American history has been marked by less government and more emphasis on the individual. Our individualism has made us good citizens. We have helped our poor through our contributions to private associations. Our desire to succeed in a free economy has encouraged virtues such as prudence, courage, and tenacity. By contrast, European states have long been committed to top-down coordination of the economy. The welfare state shields citizens from the harsh realities of the free market. Europeans believe that economic security requires a rejection of economic freedom.

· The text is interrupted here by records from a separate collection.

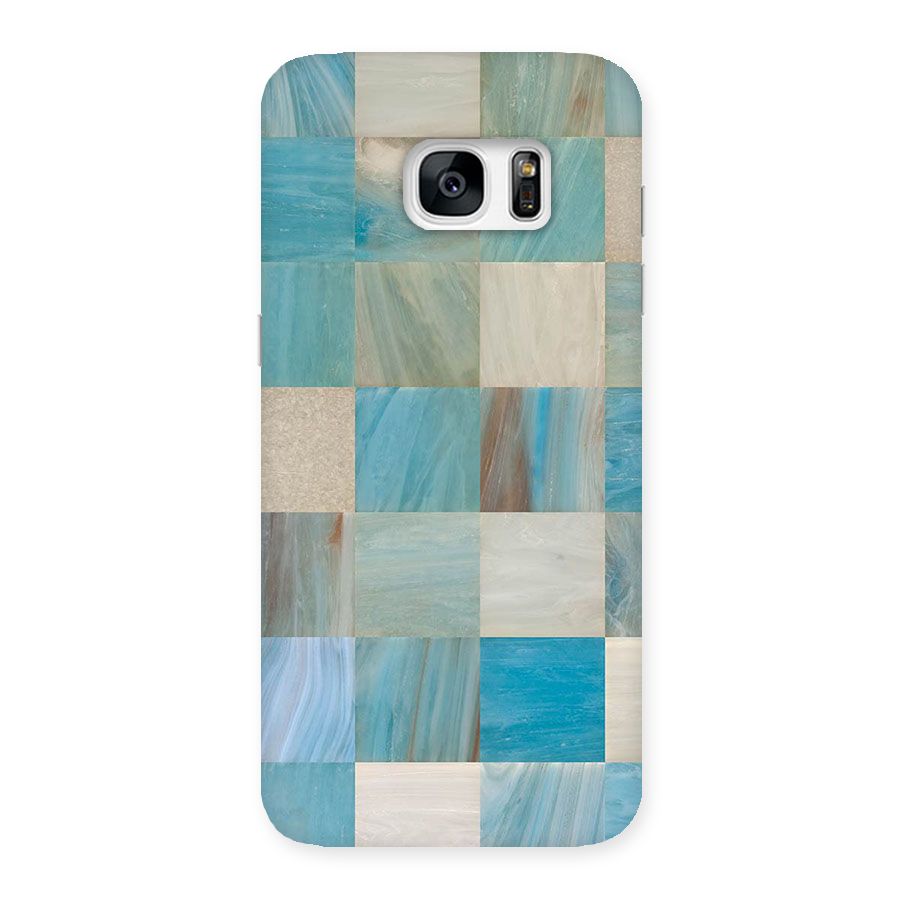Blue Tiles Back Case for Galaxy S7 Edge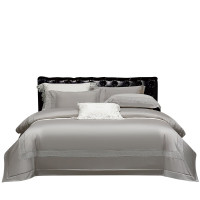芳恩 160支长绒棉高定四件套FN-Z8071罗意威-绅士灰床单:250×260cm 被套:200×230cm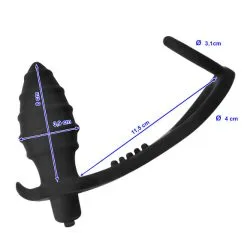 Grooved Silicone Vibrating Prostate Stimulator Cockring -Poppers Soldes Boutique grooved silicone vibrating prostate stimulator cockring 1 1 8629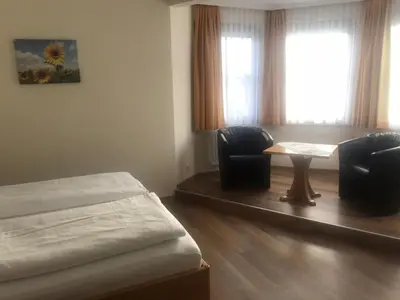 Ein Sitzbereich in der Unterkunft Schnepfenhof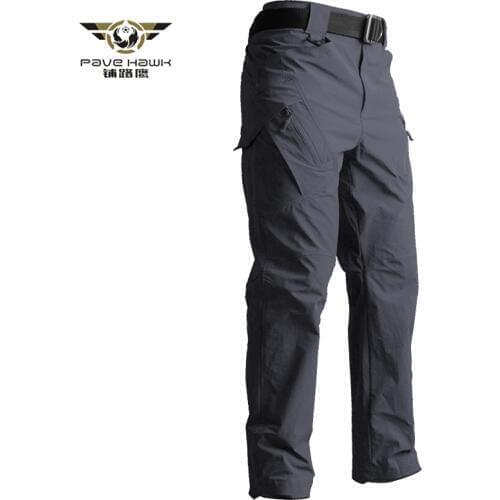 Men IX9 Waterproof Stretch Pants Military Tactical Rip-Stop Quick Dry Trousers Lightweight Army Combat Multi Pockets Cargo Pants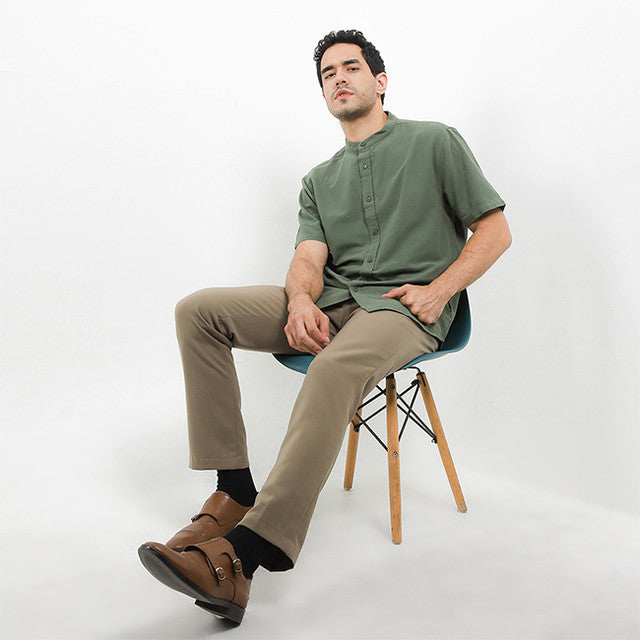 Hush Puppies Pakaian Pria Shirt Toscano In Green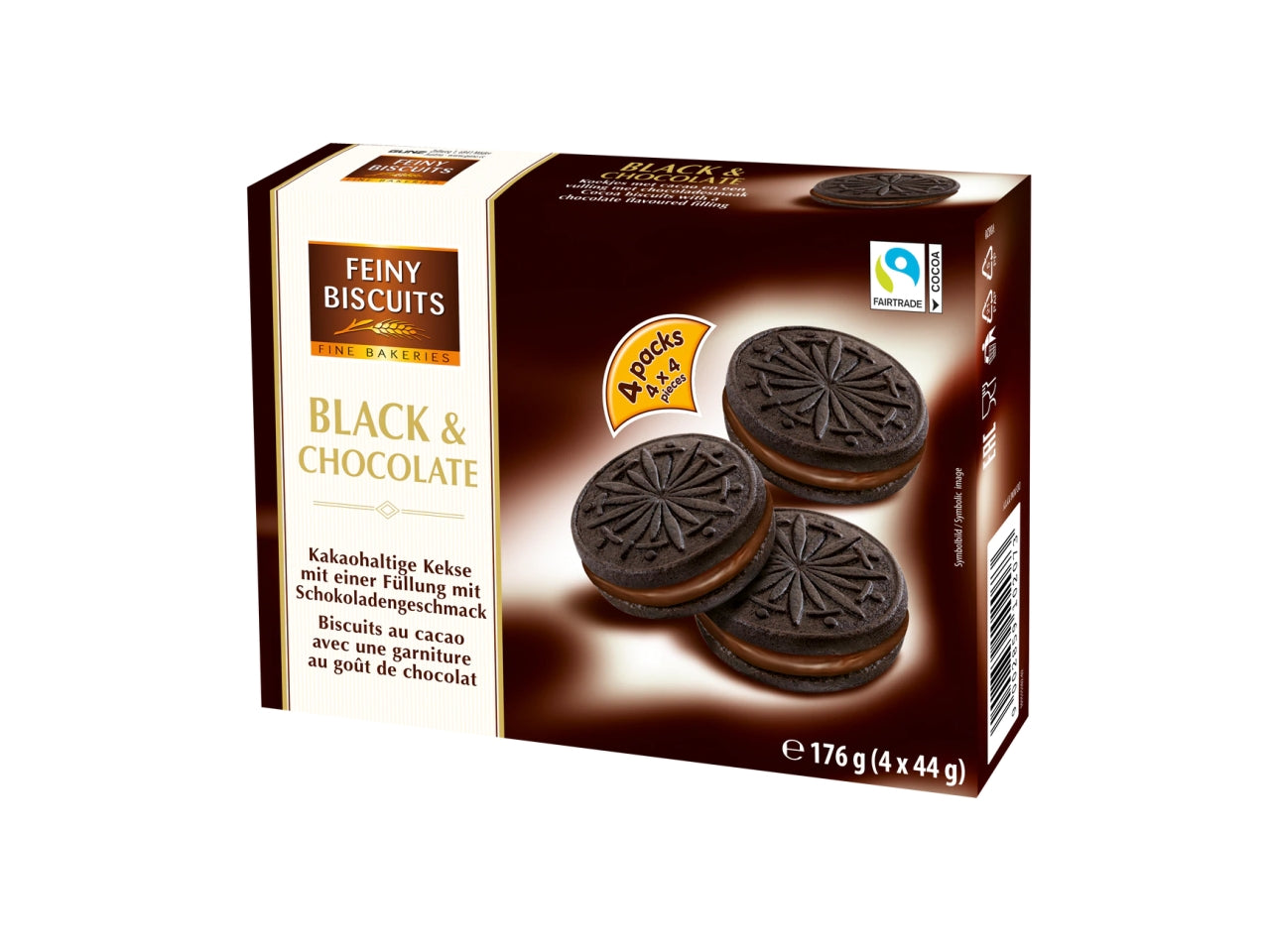 Biscotto black e choccolate 176gr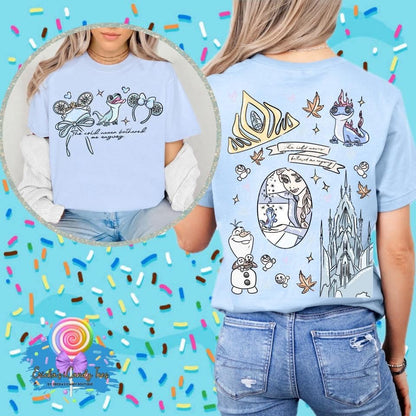 Ice Queen LL HandDrawn - Front & Back Apparel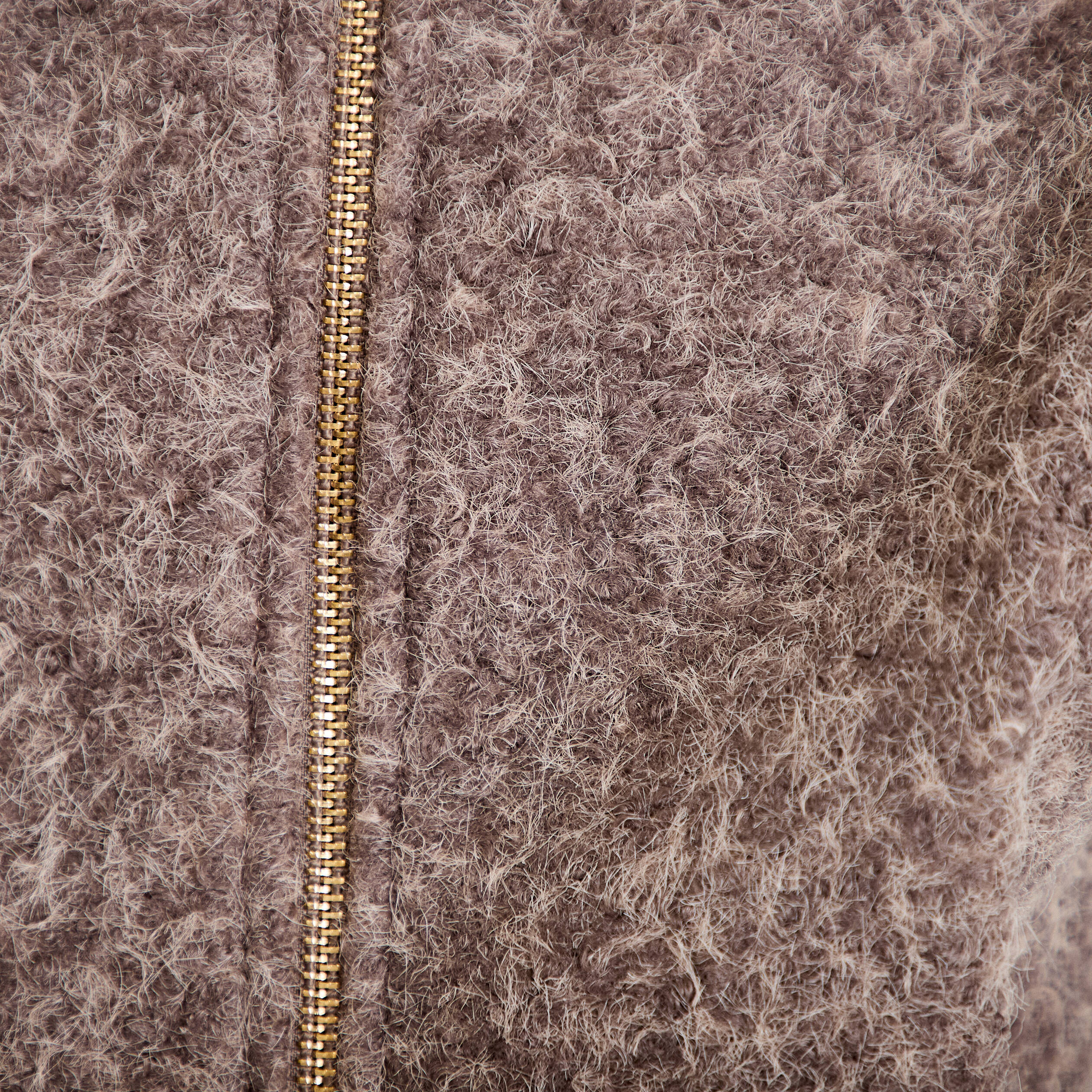 Veste sans manches effet polaire sable femme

This cultural difference has given European countries very expensive welfare states, crushing debt, incredibly high taxes, and governments that control half the economy. Most European governments consume over 50% of the country’s GDP. The result is a lack of growth in European businesses. Few Europeans want to start businesses. This is a problem for the economy, because new businesses and entrepreneurship can be a major source of wealth.
But wait, you may be saying. Some of this sounds familiar. That is Samuel Gregg’s point. Significantly fewer Americans view the free market positively—in 2002, 80% of us favored a free market; by 2008, it was only 59%. Our recent history includes government bail-outs, high deficits, and an expanded welfare state. Americans must ask themselves if they prefer a weaker economy controlled from the top down, or if they want a robust economy with opportunities for great success? For the latter, we must reward entrepreneurship and stress economic liberty.
It's time to ask Samuel Gregg’s provocative question in the title of his new book: Is America Becoming Europe?